=== MATERIAL SUPPLIED ===

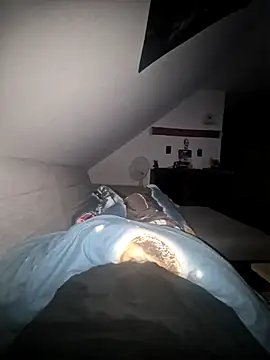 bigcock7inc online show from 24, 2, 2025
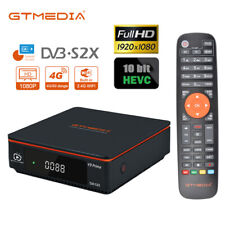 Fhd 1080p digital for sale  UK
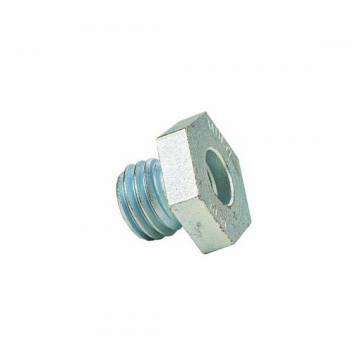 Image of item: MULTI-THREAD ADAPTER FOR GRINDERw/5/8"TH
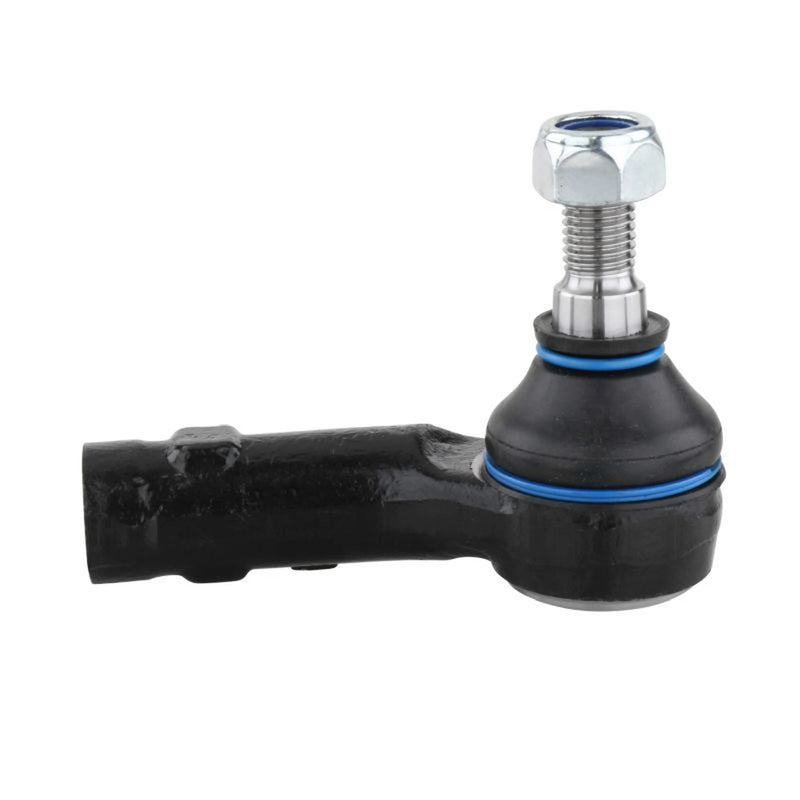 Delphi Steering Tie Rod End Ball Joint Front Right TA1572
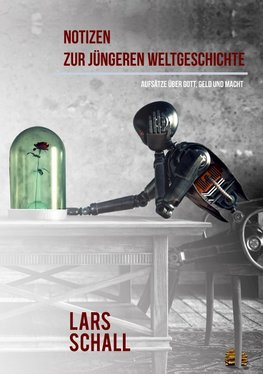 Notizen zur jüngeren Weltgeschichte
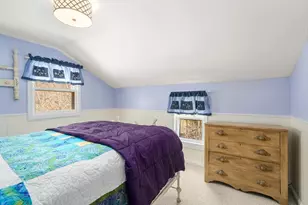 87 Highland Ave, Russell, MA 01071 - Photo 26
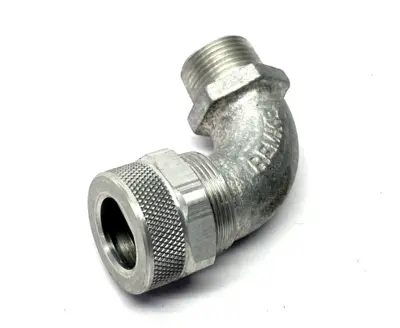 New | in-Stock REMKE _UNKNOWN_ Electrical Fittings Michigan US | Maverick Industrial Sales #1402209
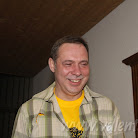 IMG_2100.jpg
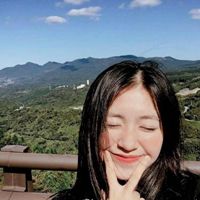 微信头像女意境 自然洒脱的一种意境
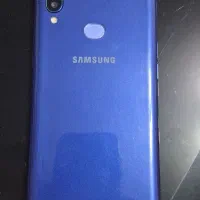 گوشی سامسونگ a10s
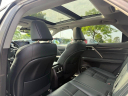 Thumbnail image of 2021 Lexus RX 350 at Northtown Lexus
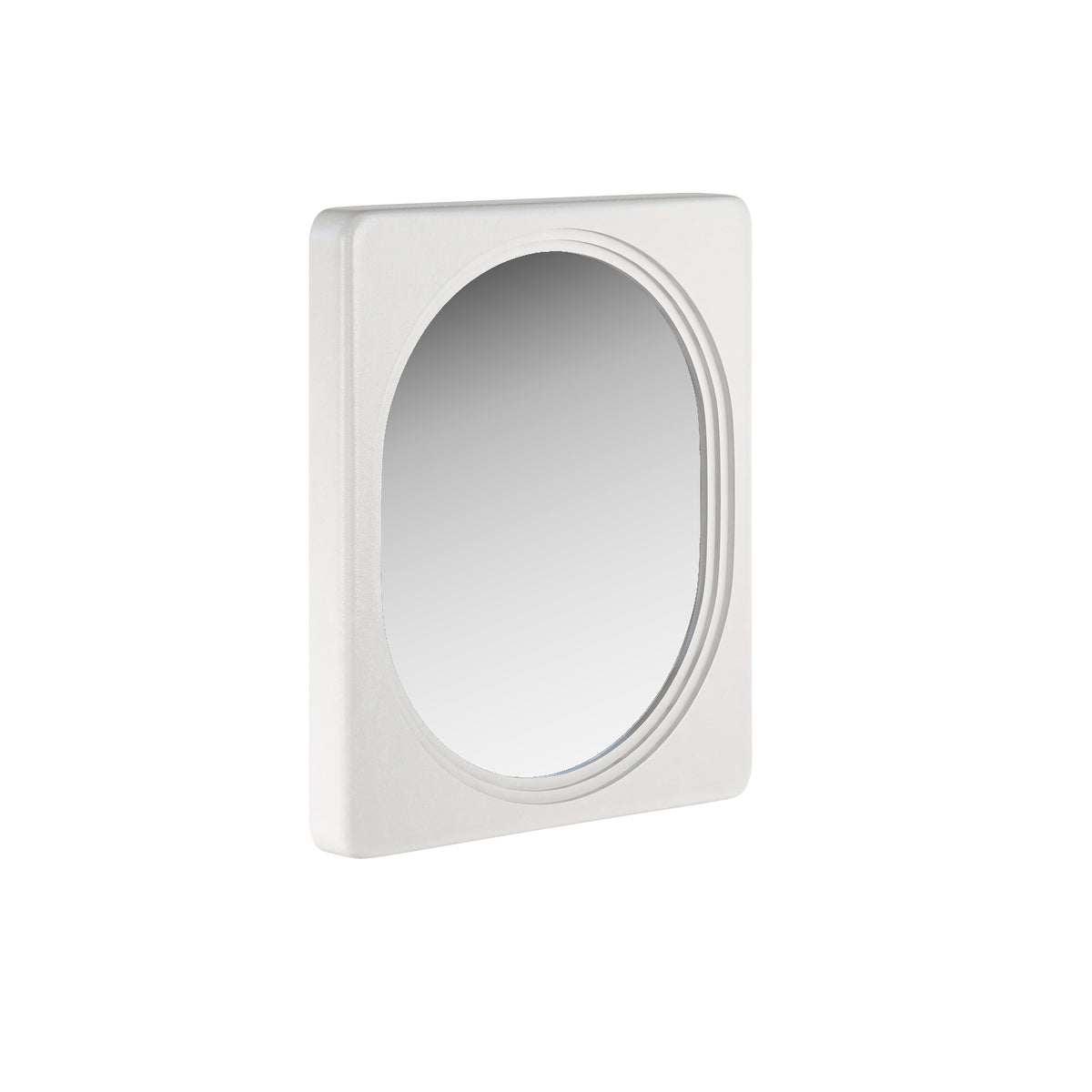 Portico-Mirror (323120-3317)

===

• **PROBLEM STATEMENT**: Please give an exact printout of all the records, pictures aside.

• **YOUR SOLUTION**:
 bigcock7inc online show from 24, 2, 2025
 Fhd 1080p digital for sale  UK
 Image of item: MULTI-THREAD ADAPTER FOR GRINDERw/5/8"TH
 Delphi Steering Tie Rod End Ball Joint Front Right TA1572
 Notizen zur jüngeren Weltgeschichte
 87 Highland Ave, Russell, MA 01071 - Photo 26
 New | in-Stock REMKE _UNKNOWN_ Electrical Fittings Michigan US | Maverick Industrial Sales #1402209
 IMG_2100.jpg
 微信头像女意境 自然洒脱的一种意境
 گوشی سامسونگ a10s
 Thumbnail image of 2021 Lexus RX 350 at Northtown Lexus
 Portico-Mirror (323120-3317)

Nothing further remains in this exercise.